3.6.1 Impaired synaptic plasticity in NAc of depressed mice
Growing evidence supports the notion that synaptic adjustability in the NAc and its connected circuitry has a principal mission in many forms of reward-dependent learning(Grueter, Robison, Neve, Nestler, & Malenka, 2013). Furthermore, current studies have certified that synaptic molecular adaptability exist in the neurons of NAc that underlie susceptible and plasticity responses to chronic stress. Three forms of synaptic plasticity at prefrontal cortex-accumbal glutamatergic synapses—paired-pulse facilitation (PPF), input-output relationship(I-O) and LTD—were inspected in sagittal slices by us to identify the adjustment of synaptic plasticity by D-serine.

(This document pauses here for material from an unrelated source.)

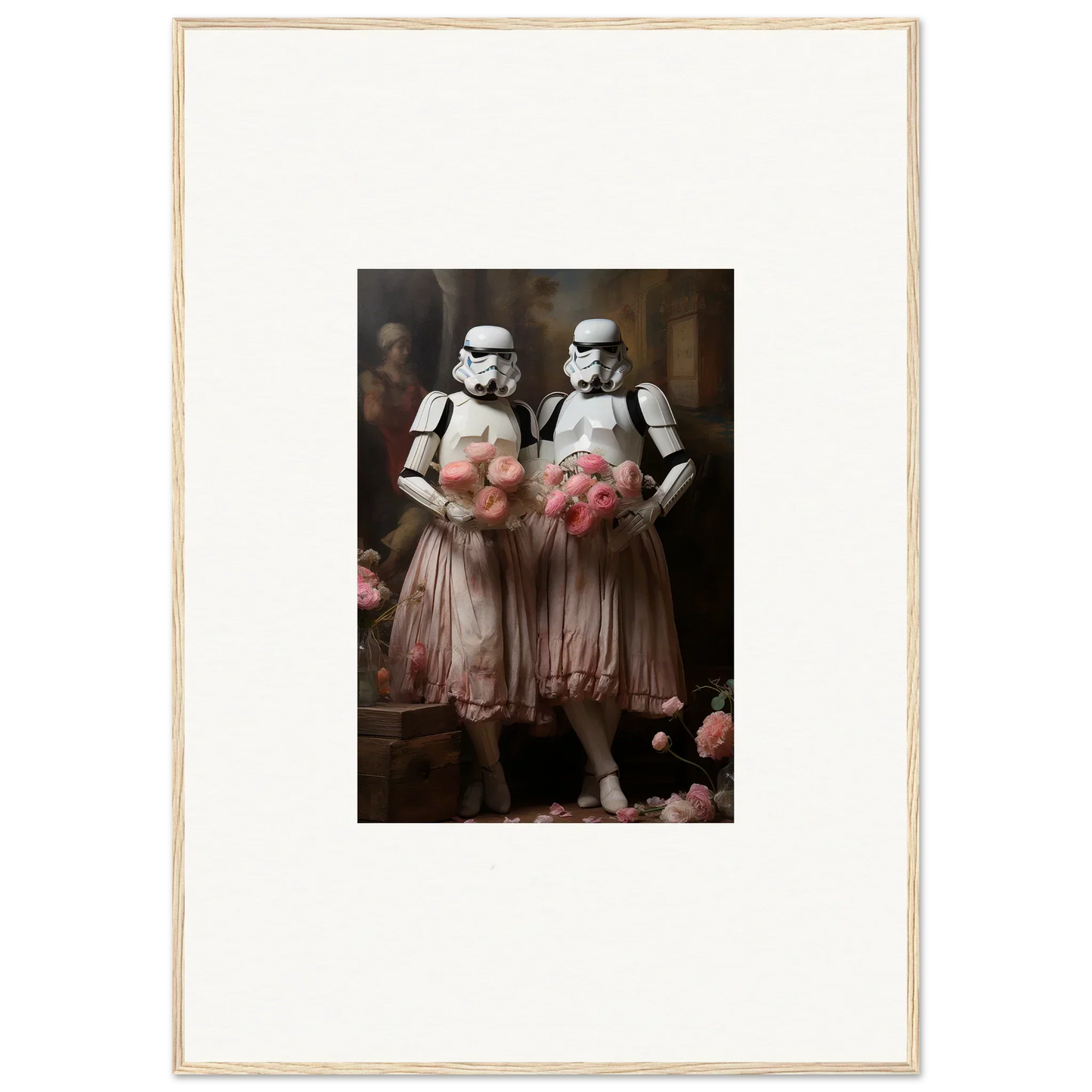 Framed wall art of Stormtroopers in pink tutus, perfect room decor amidst echoes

The PPF is a subtle estimate of the probability of transmitter liberation. Our results revealed that CSDS produced no outcomes on PPF, hinting the lack of obvious change in presynaptic action (Figure 6.1A and 6.1B). To determine whether the synaptic effectiveness was varied with chronic stress exposure and antidepressant administration, the input-output(I-O) relationships for field excitatory postsynaptic potentials amplitude were compared. Electrophysiological recordings showed an important reduction in the amplitude of field excitatory postsynaptic potentials in the CSDS group as compared with control group (Figure 6.1C and 6.1D). Moreover, chronic D-serine administration reversed the damage of basic prefrontal cortex-accumbal glutamatergic synapse transmission from CSDS mice (Figure 6.1C and 6.1D). It is suggested that D-serine can improve the basic synaptic damage in CSDS mice. As shown in Figure 6.1 E, F, G, H and I, NMDAR-dependent LTD of prefrontal cortex-accumbal glutamatergic synapse was impaired in CSDS mice, although it was normal in control mice. It is indicated that depressed mice’s synaptic plasticity in NAc was impaired.